Wenn der Arbeitgeber oder der Arbeitnehmer selbst kündigt, stellt sich häufig die Frage nach dem Resturlaub – insbesondere danach, ob und wie dieser abgegolten werden kann.

Der jährliche Urlaubsanspruch des Arbeitnehmers ist dabei im Bundesurlaubsgesetz geregelt. Danach besteht ein Anspruch auf einen Erholungsurlaub, der dem Arbeitnehmer jedes Jahr gewährt werden muss. Der Urlaubsanspruch ist zwingend, das heißt, der kann durch keine Vereinbarungen im Arbeitsvertrag verringert oder ausgeschlossen werden. Er darf auch nur in besonderen Ausnahmefällen gegen Geld abgegolten werden.
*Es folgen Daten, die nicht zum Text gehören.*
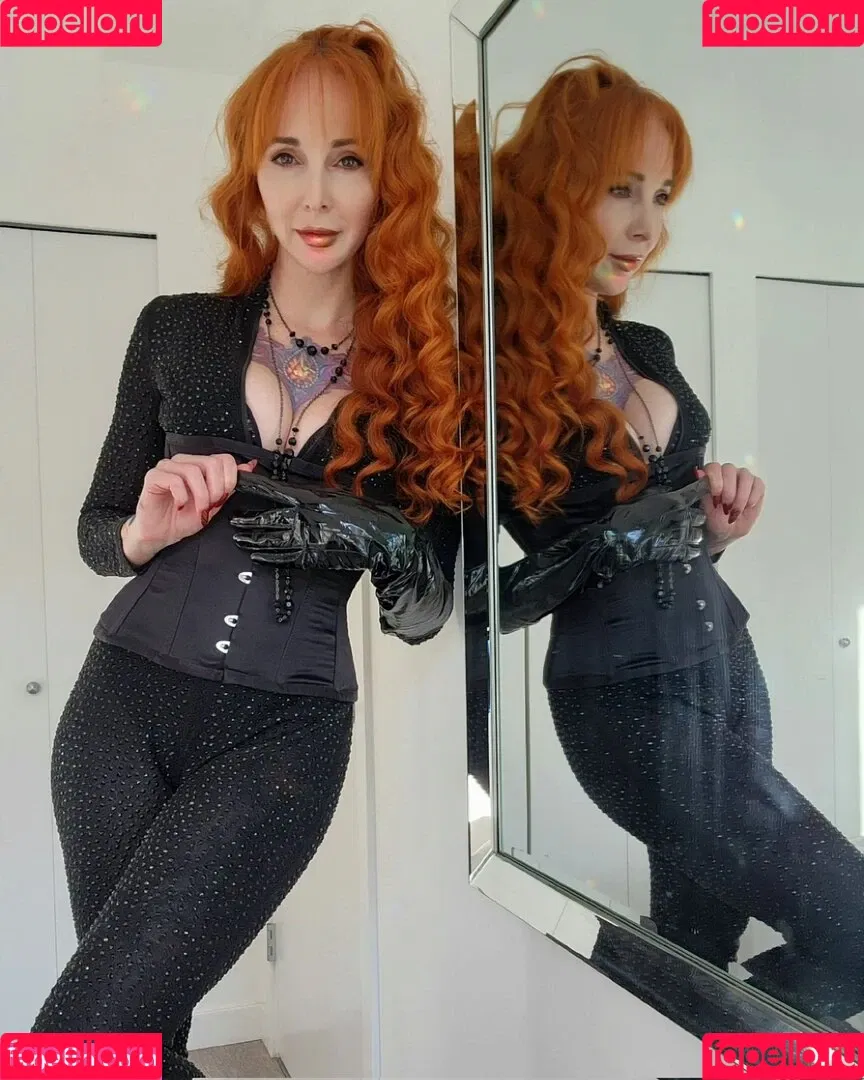 caelyx / caelyxofficial Onlyfans Photo Gallery 
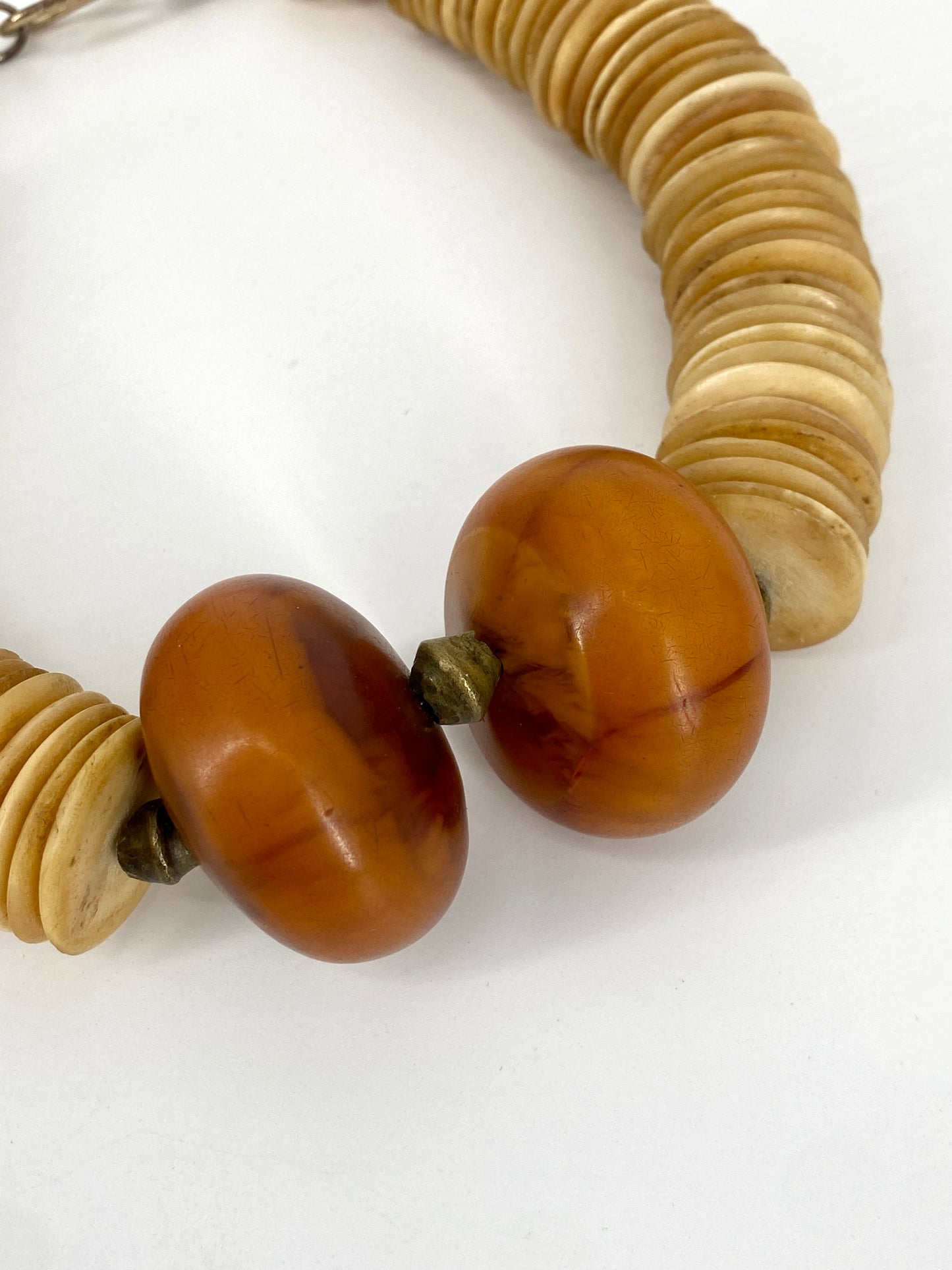 Statement Halskette auch Naturmaterial und Baumharz in traditionellem, afrikanischen Stil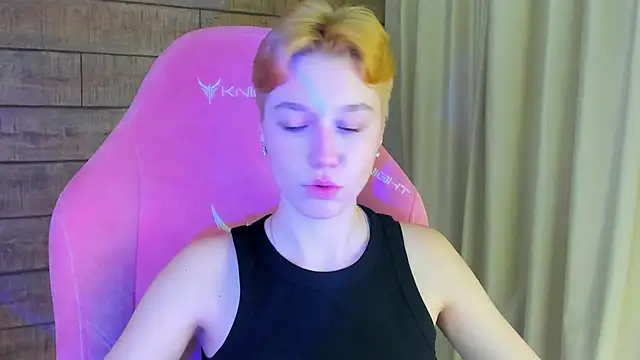 Snapshot of AgataGate chatting on 02/03/26, 03:17 AgataGate online show from 02/03/26, 03:17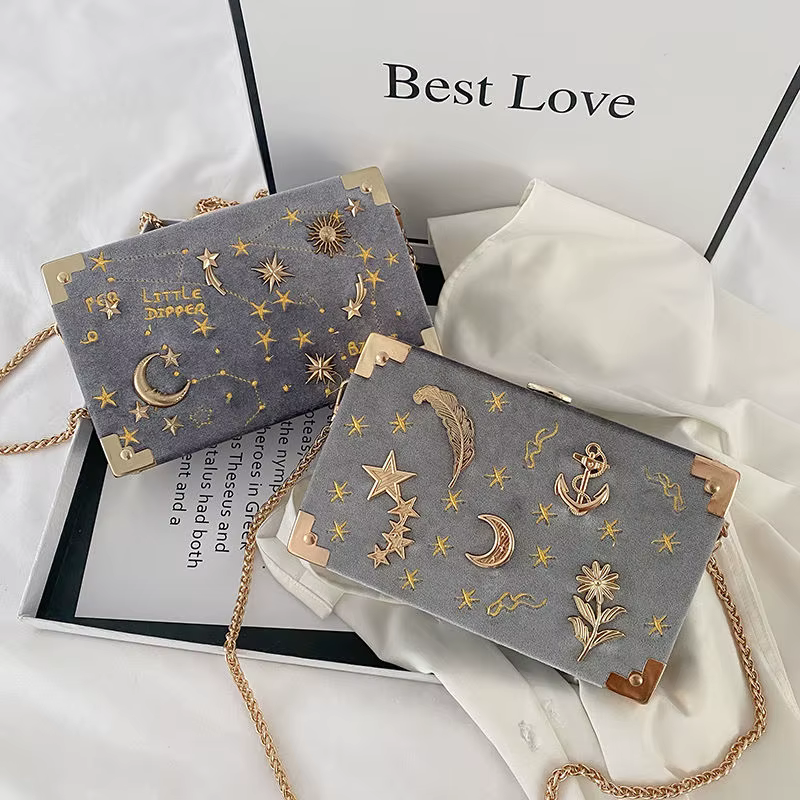 Petit sac carré en velours pour femmes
Genauso verhält es sich mit dem Resturlaub, wenn gekündigt wurde. Soll das Arbeitsverhältnis beendet werden, bleibt der Urlaubsanspruch grundsätzlich bestehen. Der Anspruch auf den Resturlaub verfällt nicht automatisch mit dem Arbeitsverhältnis. Die Kündigung kann allerdings dazu führen, dass der Arbeitnehmer den Urlaub nicht mehr nehmen kann – aus rein zeitlichen Gründen. Dann kann man über die Abgeltung in Geld des Resturlaubs nachdenken.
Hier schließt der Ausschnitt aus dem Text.